When Italian photographer Fabio Bucciarelli boarded an overcrowded local train in Gevgelija, Macedonia, just across the Greek border, and embarked on a five-hour trip to Tabanovce, near the Serbian border, he felt an urgency to tell a different kind of story.
He wanted to move away from the images of overcrowded dinghies reaching Greek islands and of thousands of families walking along train tracks.
A photojournalist and recipient of the prestigious Robert Capa Gold Medal for his work Battle To Death on Syria’s civil war, Bucciarelli has often pursued the sort of photography that captures the bare reality as it unfolds before his lens. What he witnessed on a train to Tabanovce was no different: exhausted passengers packed into the seats and along narrow aisles as the train made its way northward. “If we think about those photographs that came out in those same days from the Balkans, those are photographs that show tension, clashes, people trying to escape; tired and distraught people,” he says.
But this time, Bucciarelli aimed to show a different dimension. He chose to portray his subjects devoid of any conventional attributions that would define them as anything other than men, women and children. “After documenting the breaking news of the refugees, I thought to produce a body of work that could decontextualize the refugee to make them more human,” he tells TIME. “So [I tried to represent] the humanity of refugees in their most intimate moment: during their sleep.”
The result is Dreaming Europe, a body of work whose intimate, subtle portraits document refugees as they find a moment of peace on their long and grueling journey. The project, which references Tim Hetherington’s Sleeping Soldiers series, forms the last chapter of a broader body of work, The Dream, started in 2011 and soon to be published by FotoEvidence, which chronicles the aftermath of the Arab Spring through the journey of refugees fleeing the Middle East and North Africa. “‘The Dream’ aims to explain and display the status of the migrants,” Bucciarelli says, “regardless of where they are escaping from or where they are going. [It is a project that] aims to describe a feeling and their status through a dreamlike journey.”
Bucciarelli underscores the importance of removing all elements of context from the portraits to emphasize the refugees’ precarious conditions as European leaders struggle to find a collaborative and definite way to address the crisis. “The [status] of the refugee is not completely clear yet,” says Bucciarelli. “The European Community still doesn’t know fully how to manage this crisis.”

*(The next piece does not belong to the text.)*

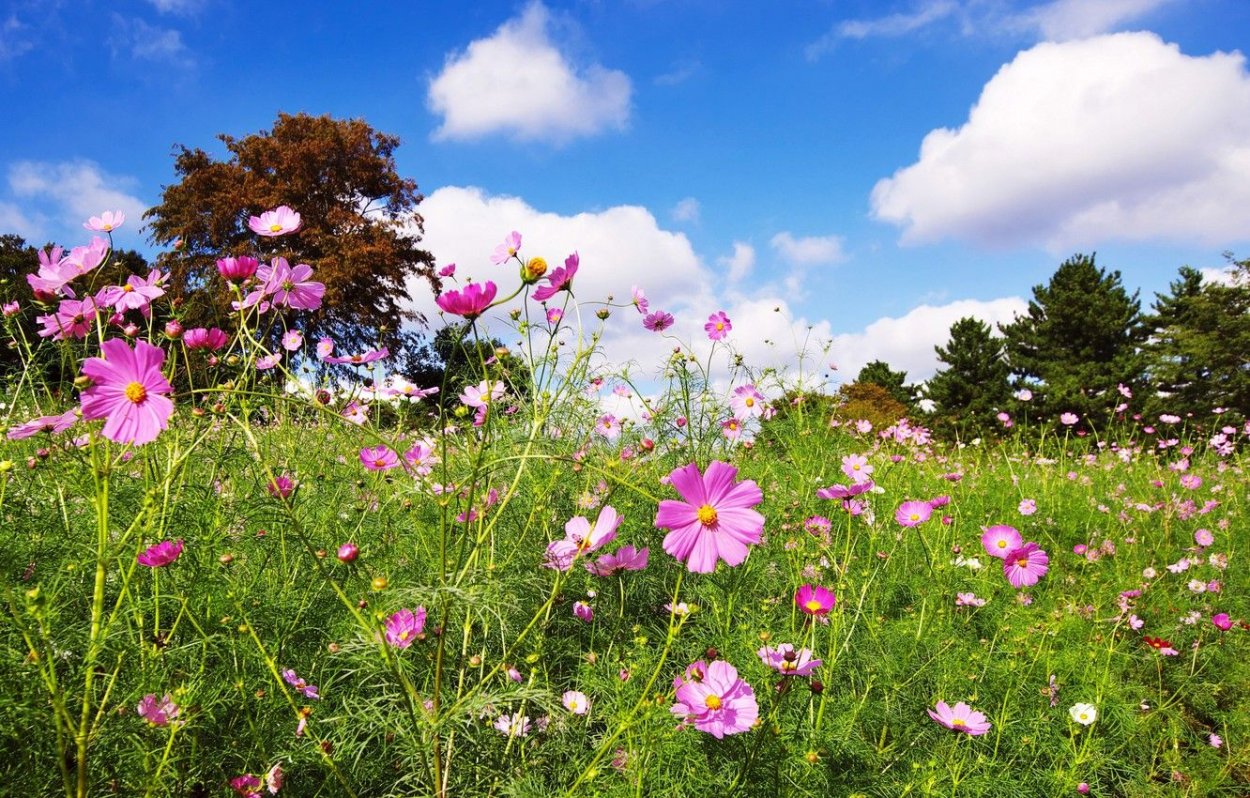 Космея цветок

This feeling of uncertainty is highlighted by the name of the project itself. Having embarked on a perilous and draining journey with the hope of reaching Europe, these people are only halfway there. They rest for a moment, but their destination and fate are all but certain. “We imagine them dreaming, and clearly they are dreaming about the future, about Europe, about escaping the war, about a new hope.”